** Problem requirements **
Only an exact copy belongs in the answer: the line with "1.主要的VPN服务提供商" and every line after it through the end of the records, pictures left out.

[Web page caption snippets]
::::::

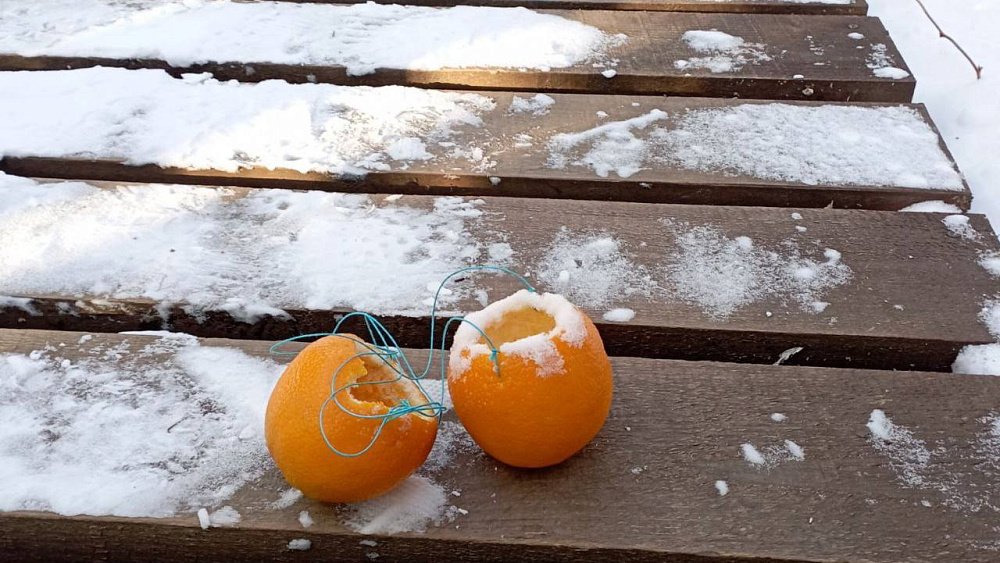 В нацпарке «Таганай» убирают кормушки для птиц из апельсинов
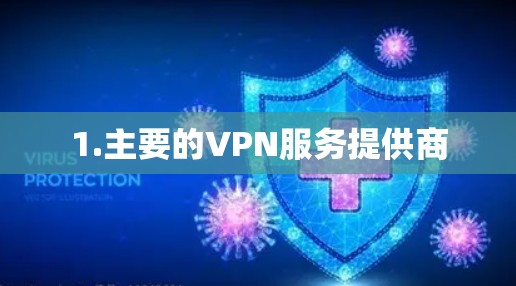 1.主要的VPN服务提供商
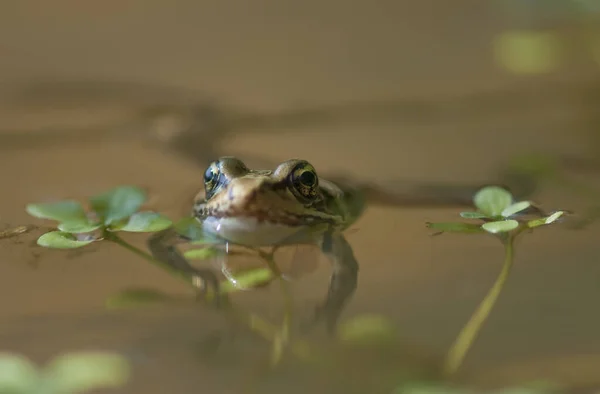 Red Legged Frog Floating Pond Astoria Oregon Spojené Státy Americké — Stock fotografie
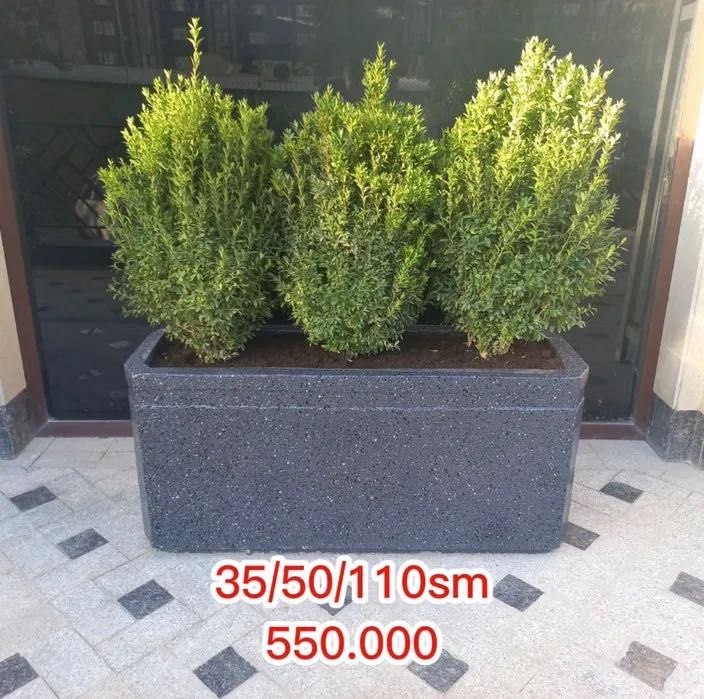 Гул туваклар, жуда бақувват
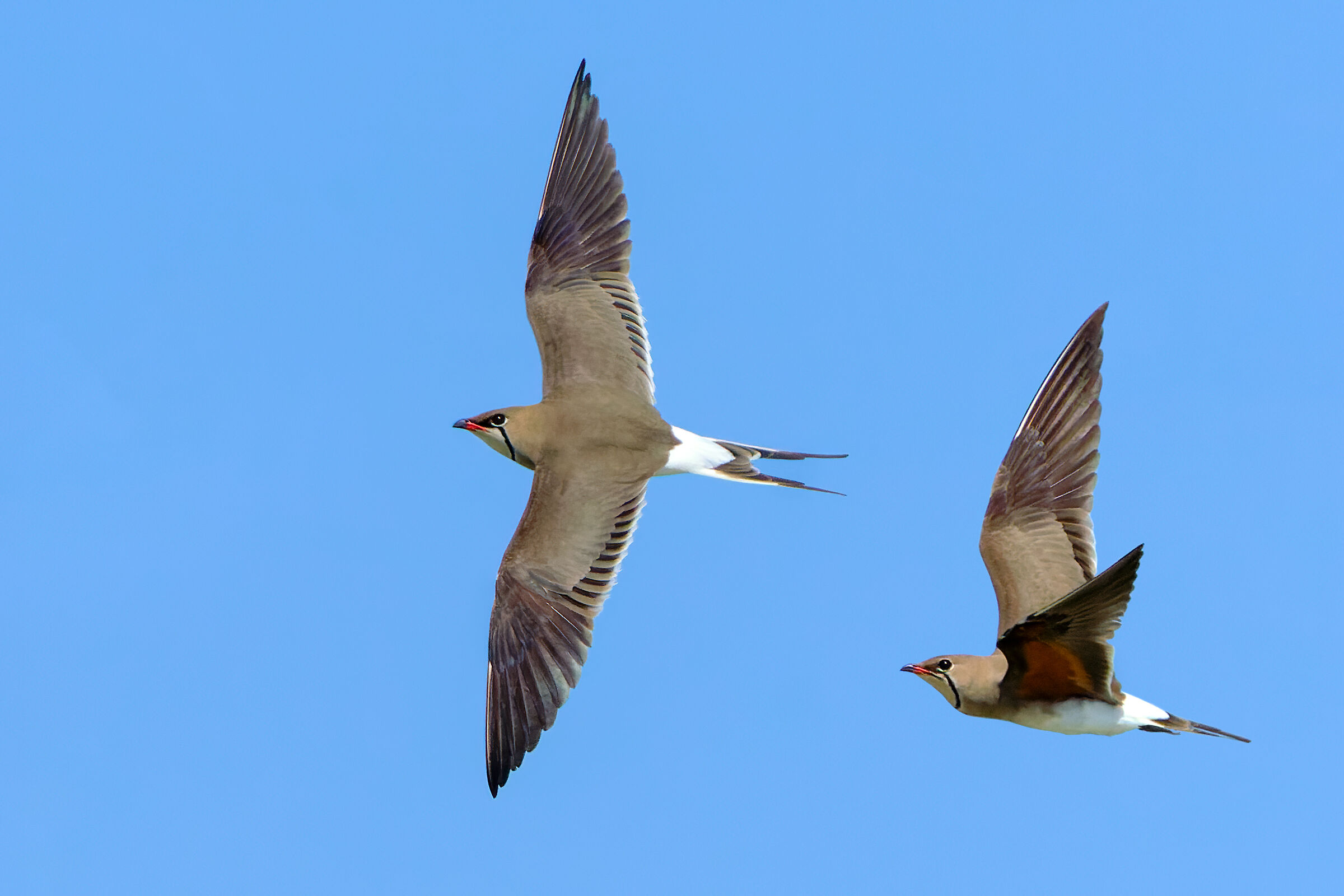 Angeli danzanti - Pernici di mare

::::::

** Answer to the exercise **
 1.主要的VPN服务提供商
 Red Legged Frog Floating Pond Astoria Oregon Spojené Státy Americké — Stock fotografie
 Гул туваклар, жуда бақувват
 Angeli danzanti - Pernici di mare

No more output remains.